Voilà le sens des actions engagées par la Francophonie. Elle n'agit certes pas pour s'imposer à elle seule, elle n'agit pas dans un esprit d'exclusion. Elle n'agit certes pas pour s'opposer à une culture dominante, dont par ailleurs elle partage bien des valeurs et admire bien des créations. Elle ambitionne de participer à la polyphonie vivante des cultures du monde, grâce à laquelle nous préserverons le foisonnement qui fait la richesse de l'expérience humaine.

Tel est le sens du front commun des civilisations et des cultures que nous organisons. Déjà ce printemps, à La Sorbonne, la francophonie a lancé le rapprochement des familles latines. Puis en octobre, notre Sommet de Beyrouth, premier sommet francophone en terre arabe, s'attachera à renouveler le dialogue des cultures, et d'abord l'ancestral dialogue de l'Orient avec l'Occident. Traditionnellement très implantées dans les pays de langue hispanophone, lusophone ou arabophone, les Alliances françaises seront tout naturellement le fer de lance de ce rapprochement.

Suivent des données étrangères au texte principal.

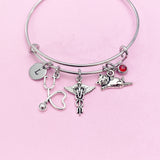 Silver Cute Cat Stethoscope Caduceus Charm Bracelet, Veterinary Technician Bracelet, N4963A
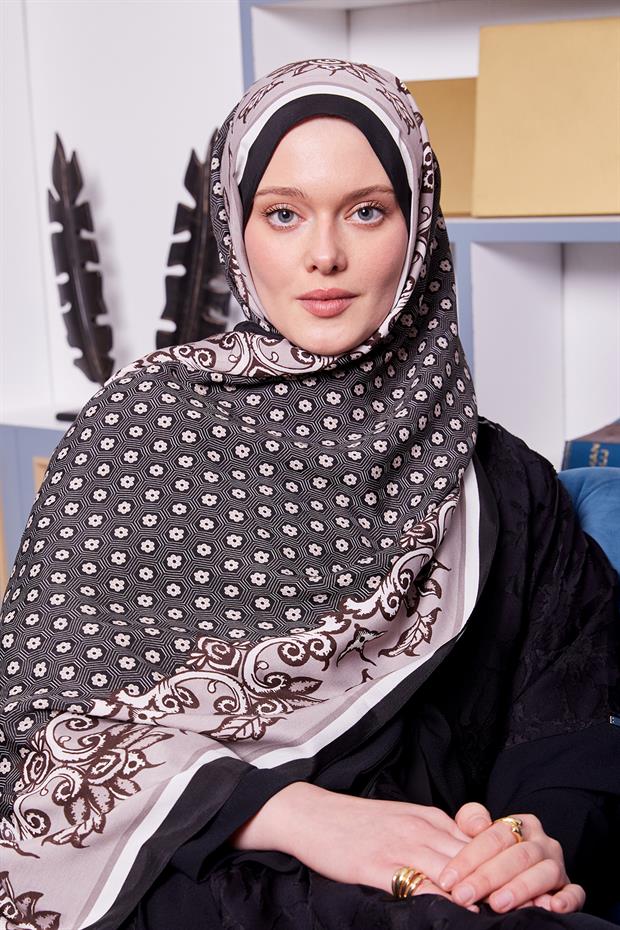 Siyah - Vizon Papatya Desen Royal Şal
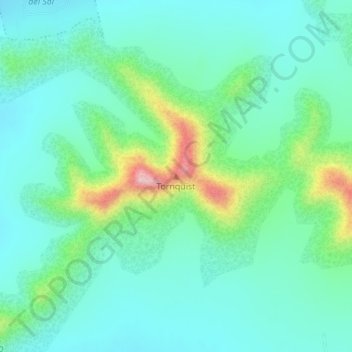 Topografisk kort Tornquist, højde, terræn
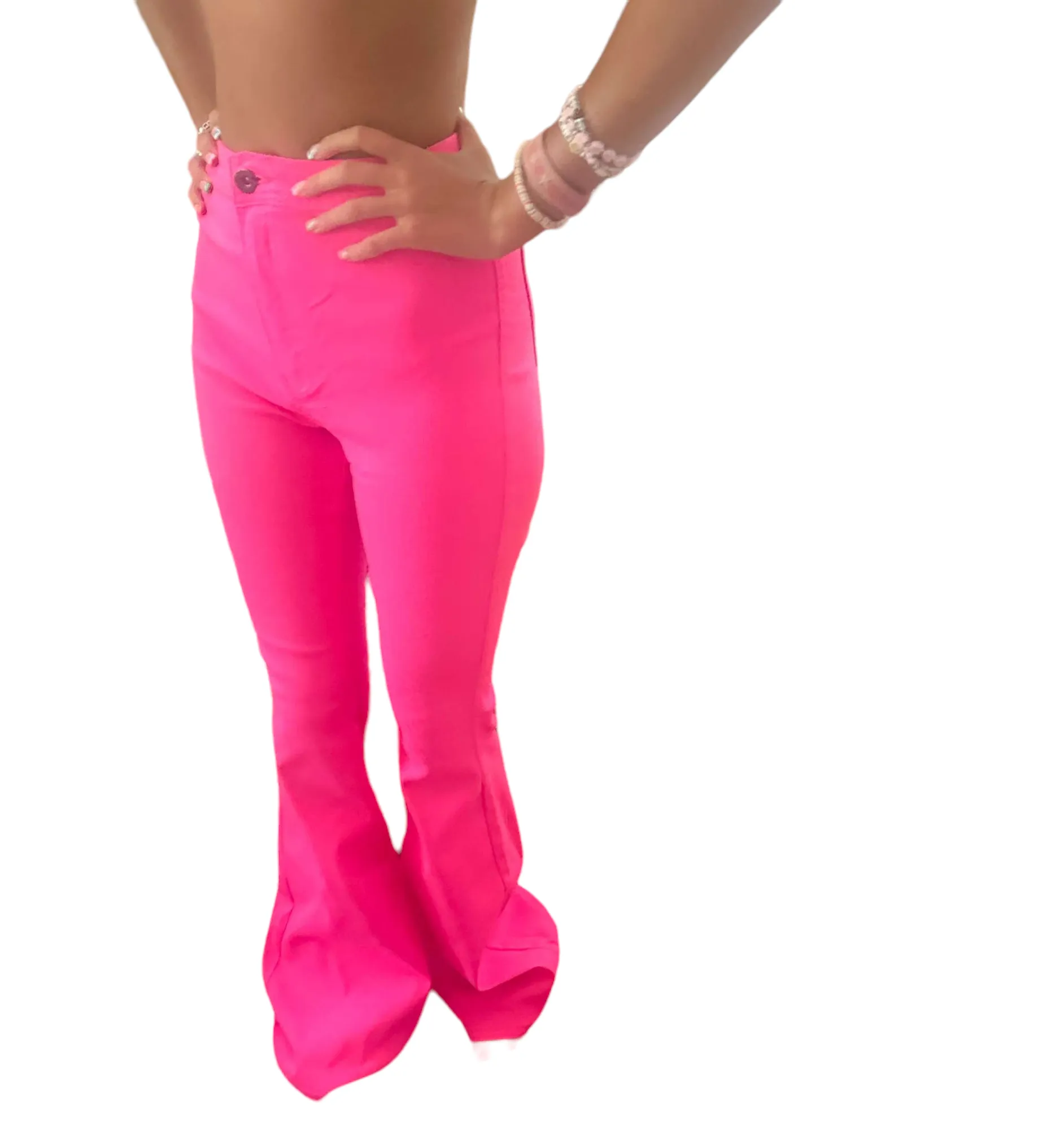 Vivid Neon Pink High-Rise Flare Jeans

Madame la Ministre, Monsieur le Secrétaire général, Monsieur le Président, Mesdames, Messieurs, la francophonie a besoin de votre influence et de votre engagement. Une nouvelle fois, avant que nous partagions le verre de l'amitié, je veux vous dire mon admiration pour tout ce que vous faites et tout ce que représentent les Alliances françaises, c'est un peu le meilleur de la France. Je voudrais aussi vous remercier du fond du coeur de votre passion pour le français et de tout ce que vous lui consacrez, j'ose dire, par amour.

Belle idée, bel outil, au service de beaux idéaux, que l'Alliance française. Je lui souhaite succès et longue vie dans le siècle nouveau. Je vous remercie.